Lyra nodded and did a little bit of quick calculations in her notebook. The budget for the new MWT contract to produce reverse engineered Zebrican Assault-Pone-3s had some wiggle room left in it. Enough to produce one extra chassis and pay a few engineers to tinker with a “enhanced prototype unit”. It wouldn't even be in violation of the contract to keep a chassis for potential improvements.
With a means of letting her son try his idea worked out, Lyra began to write down a memo to let her company know what would be happening with her son and this new one off design. “We will be making one hundred and seventeen. Number one-one-seven will be given to Lab J for experimental modification with advanced computation technology.”

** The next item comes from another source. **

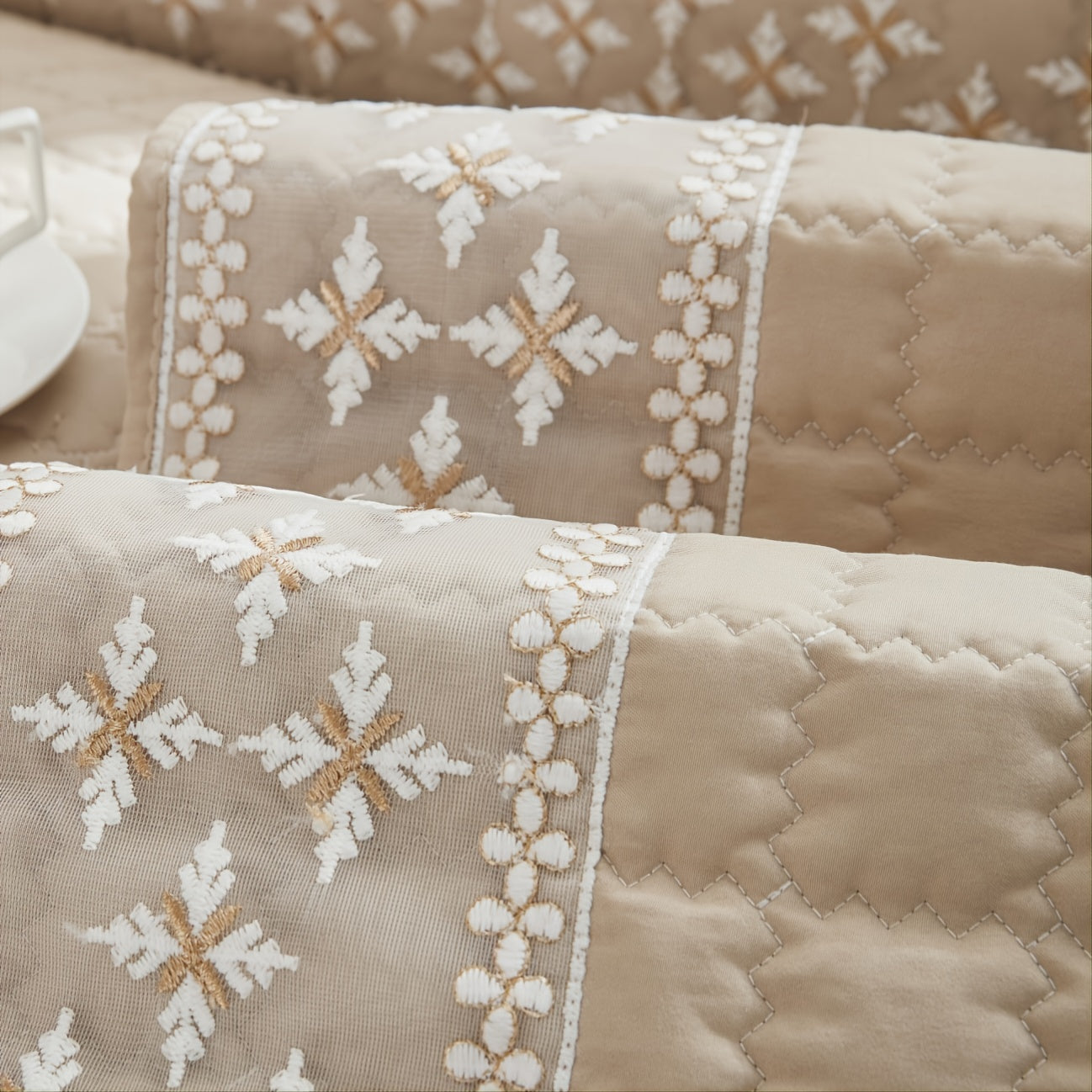 Quilted lace sofa covers for sectional sofas, protecting furniture and enhancing home decor.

Rivet sighed in relief. “Thanks, mom. I truly believe this could change everything.”
“Don’t thank me yet… I’m also promoting you to Team Leader, and assigning you to Lab J,” Lyra continued before looking up from her writing to look her son in the eyes. “You’ve got a budget of eight million bits. That includes making the hardware for the robot, payroll, everything. Think you can handle it?”
“I can sure as hay try,” Rivet replied as he stood up and collected his prototype. “I’ll have personnel assignments to you by the end of the week.”
Lyra smiled, gave her son a quick hug, then nodded to the door. “Best get to work then. There’s going to be more to this than you think.”
“What do you mean?” Rivet asked as he tucked the prototype back into his saddlebag.
“I don’t know exactly what,” Lyra said with a shrug and a small smile. “Every project is more complex than you think it will be at first. I’m just wondering what you’ll wind up having to do to bring your vision to life.”
Lyra paused for a moment, decided to voice her full thought, then looked her son in the eyes. “And, just how close what you make will be to what you intended.”